Many of you may be familiar with the HGTV show “Flip or Flop,” that features Tarek and Christina El Moussa as they renovate homes.  The show made them celebrities, and with that attention came additional stress on their marriage.  Ultimately, they divorced in 2018, and the show went on a hiatus, though it has returned for an additional season.  As viewers will note, the tension between the two is not well hidden.  So, if they can barely work together, how do they handle parenting two young children (ages eight and five)?

In their divorce, the court awarded Tarek and Christina joint legal and joint physical custody.  This means they both work together to make decisions with regard to the health, education and general welfare of the children.  They have a physical custody schedule where they have nearly the same amount of time with the children, and they do it by splitting the weeks – Christina has custody from Saturday at 5:00 p.m. to Wednesday morning, and Tarek has custody from Wednesday after school until Saturday at 5:00 p.m.  Because they have businesses that involve travel, they both agreed to swap custody to accommodate as needed.
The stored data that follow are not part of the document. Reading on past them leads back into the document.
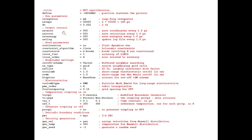Next is output control — how frequently you want to save the coordinates of each atom. NSTXOUT means number of steps for coordinate output: after every 500 steps, with each step being 2 femtoseconds, that's 500 × 2 = 1000 femtoseconds = 1 picosecond. So after every 1 picosecond we save the coordinates of each atom. NSTVOUT is for saving the velocity of each atom, also done after every 500 steps, meaning every 1 picosecond. Similarly, for NST energy output, we save the energy after every 500 steps as well.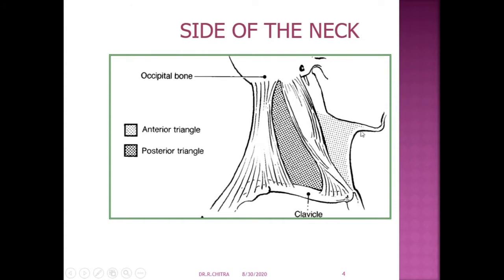So this is the side of the neck — in front the midline of the neck, behind the anterior border of the trapezius, above the lower border of the mandible and a line extending from the angle of the mandible to the mastoid process and the superior nuchal line, below by the clavicle. This quadrilateral area is divided by the sternocleidomastoid muscle into two triangles: the anterior triangle with the apex below and base above, and the posterior triangle with the apex above and base below.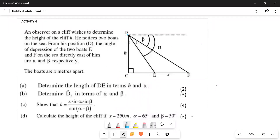We're given an observer at point D who wishes to know the height of a cliff. They give us angle alpha — starting from here to here — and angle beta starting from here to here. We need to determine DE in terms of h and alpha. The first thing we have to do is name all the other angles in terms of alpha and beta, starting with angle D2.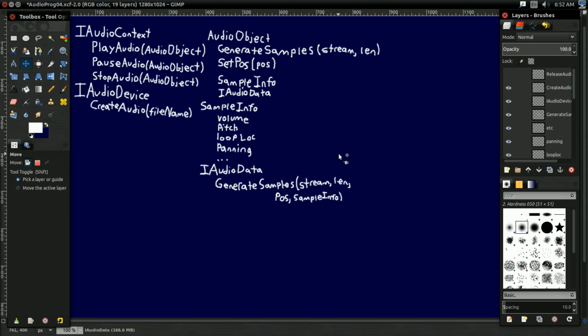Things like that. And also a function to release it, so that when we're done with it, we can do whatever specific releasing we need to do for that particular piece of audio.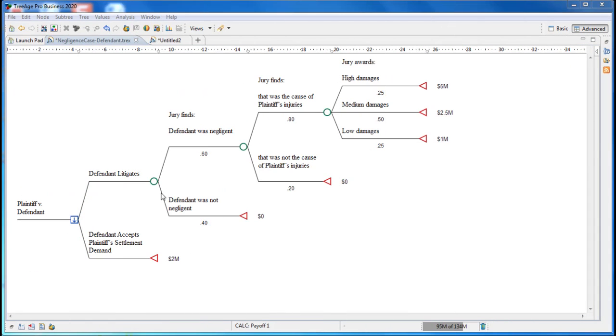While the litigation strategy is optimal based on expected values, we may also want to consider the risk when choosing our strategy. The litigation strategy considers the risk of outcomes far worse than expected value. For example, if the defendant was a cause of injuries and has to pay high damages.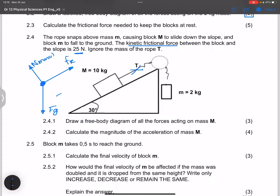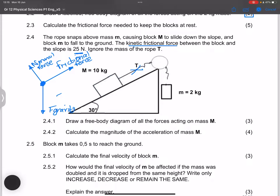If you don't want to show the components, you can draw just the gravitational force. Make sure to label all forces in full — for example, write 'force of gravity,' 'frictional force,' and 'normal force.' Don't just write variables; always label in full for the marks allocation.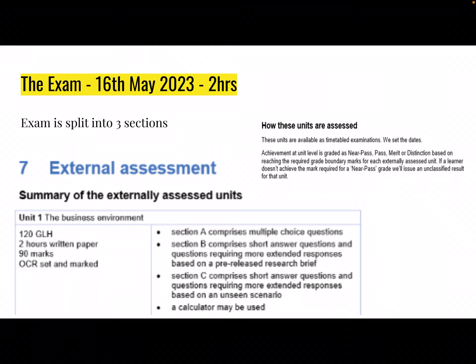Section C will be a case study which is unseen. Please check out my other videos because I have a complete walkthrough of an exam paper, how to answer the case study and how to answer the 12-mark questions. A reminder that you can use a calculator in the exam and please bring a black pen. The exam will be graded as near pass, pass, merit or distinction.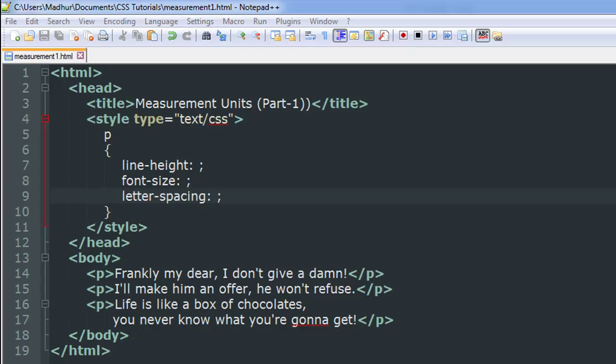You could build your style rules and specify values using several available measurement units, and I'm going to discuss the most popular ones in this course. We're going to check out a few in this tutorial and maybe a few in the next one.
The custody arrangement they have is called a 4/3, where one parent has four overnights per week, the other three.  Often, parents do a 4-3-3-4 so that over a two week period both parents have equal time.  It appears that Tarek and Christina agreed to let Christina have slightly more time.

How is it possible for Tarek and Christina to make this arrangement work, given their history of conflict?

First, they have a non-disparagement clause in their Parenting Plan which requires that neither parent talk negatively about the other.  While this may seem like something that is hard to enforce, courts do take these seriously, and if it becomes pronounced and affects the children, it can be the basis for a motion to modify legal or physical custody.

Second, they need to put the kids first.  Whatever emotions they have regarding each other must get locked away when the kids are around.  While this is not always easy, it is essential for co-parenting, no matter the arrangement.

Third, they need to support each other as parents.  Good communication regarding the needs of the children will really help, and also minimizing the amount and form of communication to avoid opening old wounds.

Joint custody can work even when parents have a history of negative behavior as long as they put the kids’ best interests first.